There has always been a pressure on women since time immemorial to be married by a certain age (ideally to a man with means or prospects) and somewhere down the line, to have children. While these tenets of ‘womanhood’ have been eroded in the West over the past 70+ years, in some societies such notions are very much alive…
Susan Hingley + Honey-Tongued Theatre Productions’ Baaba’s Footsteps examines the life of Yu (Eyre Kurasawa) a 39-year-old television producer in Tokyo, who reaches a crossroads in her life. Dismissed from her job for having an ‘inappropriate relationship’ (yet still being coerced by her employers into accepting a matchmade marriage) Yu puts some distance between recent events by travelling to San Francisco to visit a relative. There she stumbles across a second diary belonging to her great grandmother, back when she was a 16-year-old ‘picture bride’…

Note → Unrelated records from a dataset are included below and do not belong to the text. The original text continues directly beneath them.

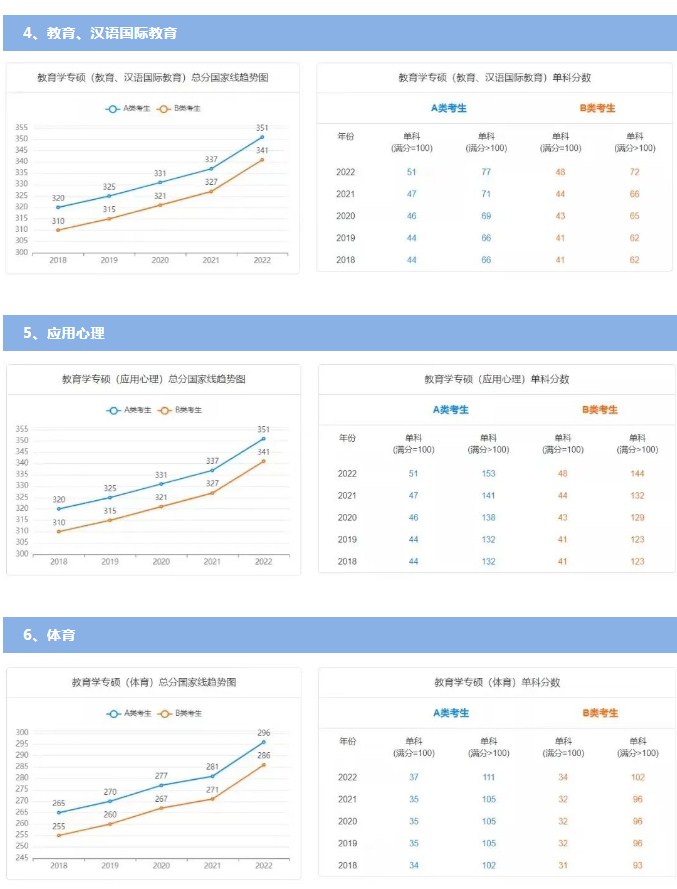 1677029150164948.jpg 历年国家线考研分数线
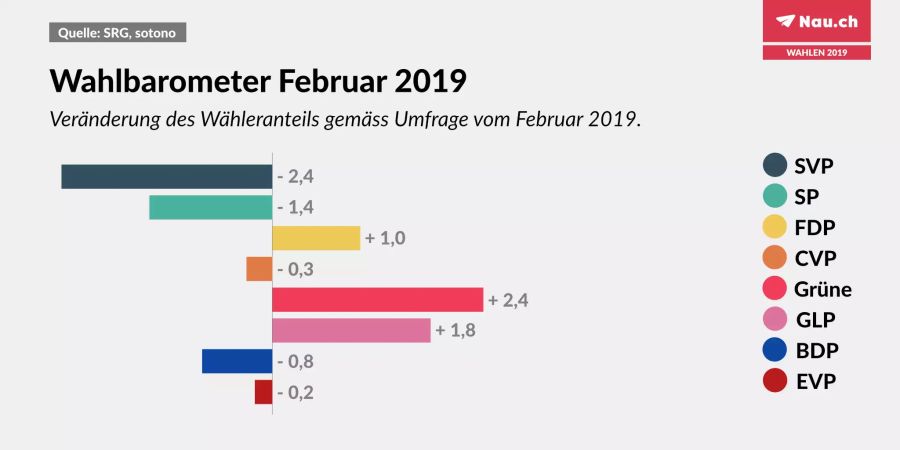 wahlen 2019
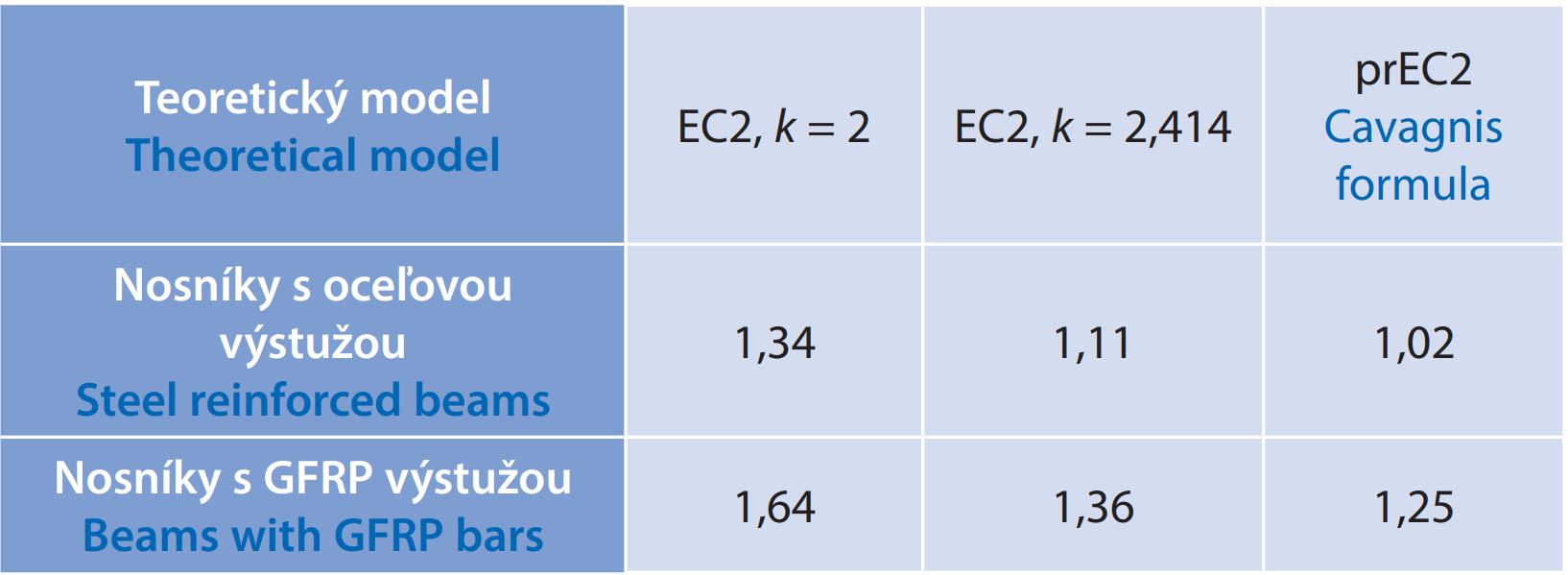 Tab. 2 Priemerná hodnota pomeru nameranej a výpočtovej šmykovej odolnosti 
pre jednotlivé predikcie šmykovej odolnosti.
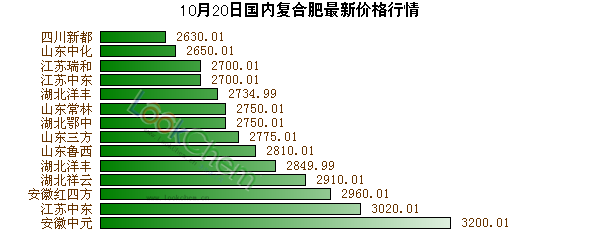 10月20日國內(nèi)復(fù)合肥最新價格行情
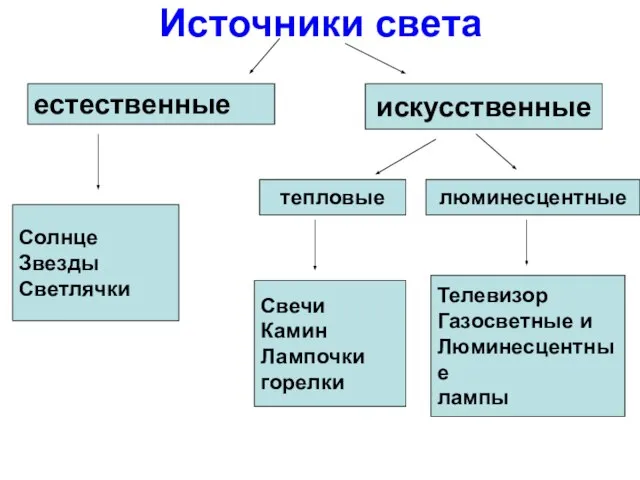 Источники света естественные искусственные Солнце Звезды Светлячки тепловые люминесцентные Свечи Камин Лампочки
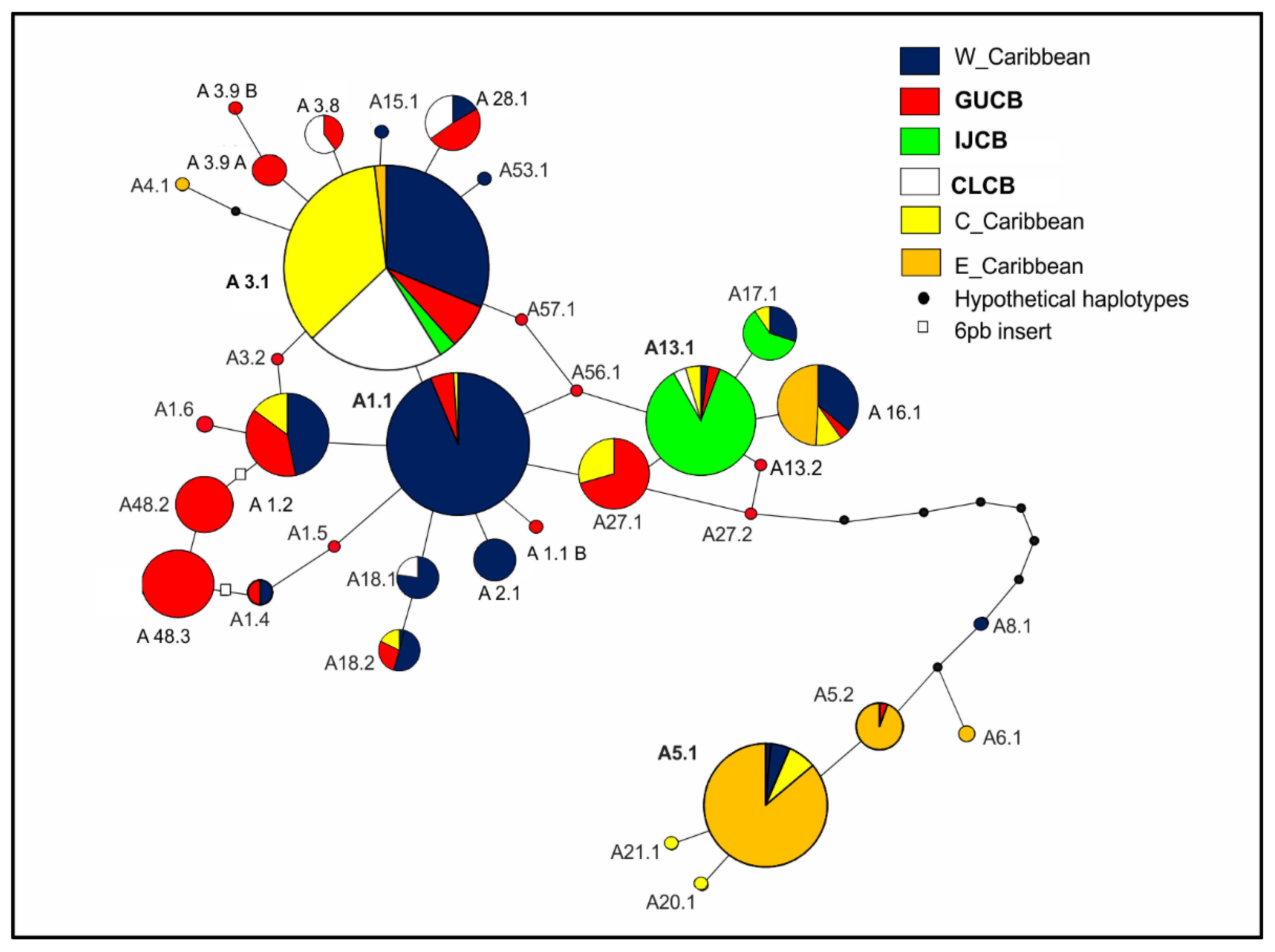 Diversity 15 00586 g004 Diversity 15 00586 g004
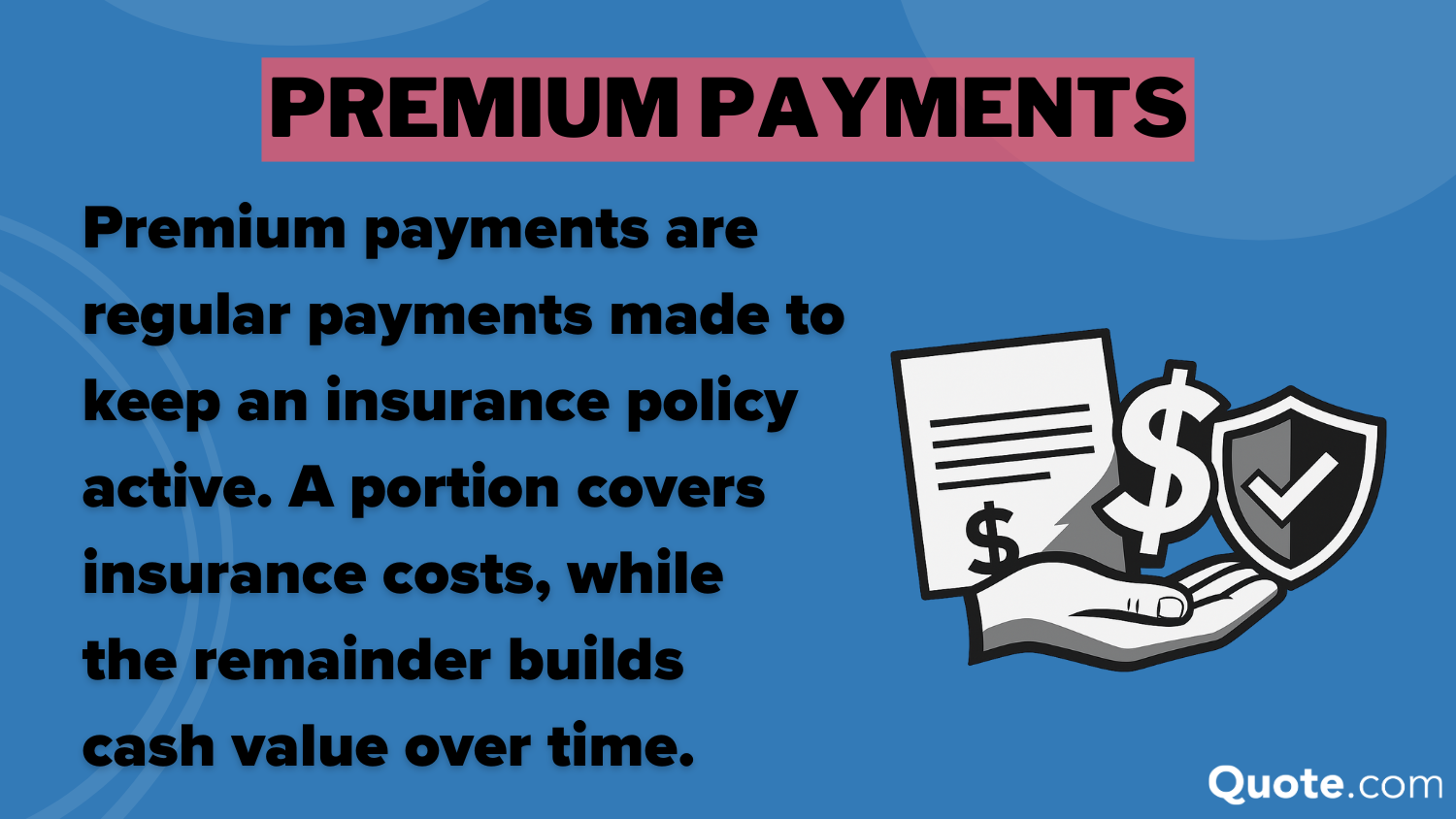 Premium Payments Definition Card: Cash Value Life Insurance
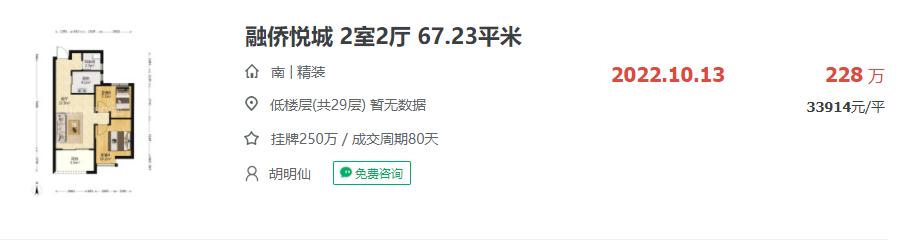 福州三盛房价会跌吗,福州南通房价会不会跌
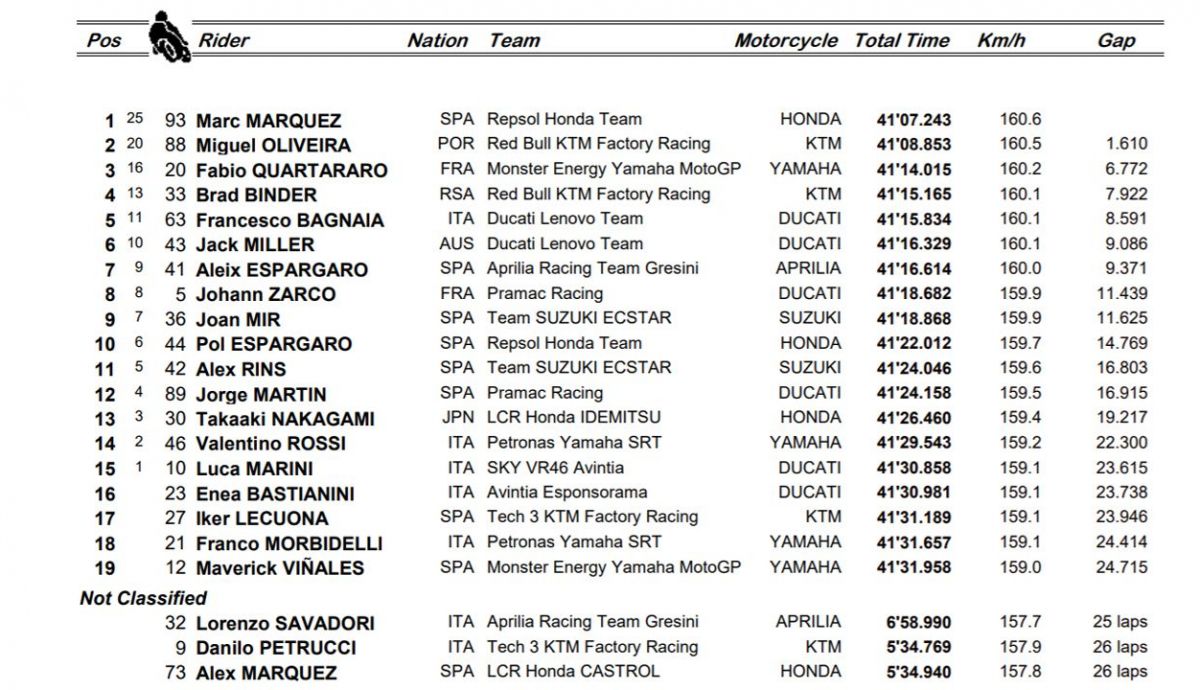 clasificacion motogp alemania clasificacion motogp alemania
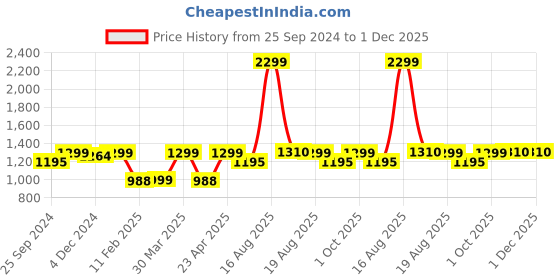 myntra.com Kuons Avenue Men Maroon Thread Work Kurta kuons avenue Price History Graph from 25 Sep 2024 to 30 Nov 2025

Without being didactic, the play draws parallels between the two women and the disparity between expectations in ‘courtship’ versus reality. As Yu’s story is set in early 2020, during the cusp of COVID-19 outbreak, the play conveys the distrust that those of East Asian descent have experienced from some quarters. We also see how during the Second World War, xenophobia was even more pronounced in the U.S. and the internment camps that were set up for citizens of Japanese descent. The ‘taboo’ subject of assimilating a Western appearence and identity is also addressed – a response from some ethnic groups to ‘fit in’ more readily.
Baaba’s Footsteps packs a lot of ideas in its hour running time, which flies by. Far from being just a niche tale about familial connections, the play’s intersectionaity provides greater depth in the questions and answers it broaches.
Baaba’s Footsteps streams on https://www.onlinefringefestival.com/ until 12th April.
Donations are encouraged for all the shows to help fund the Festival and all of the participating artists. OFF only keeps 10% of any funds raised and the remaining 90% are split between the artists.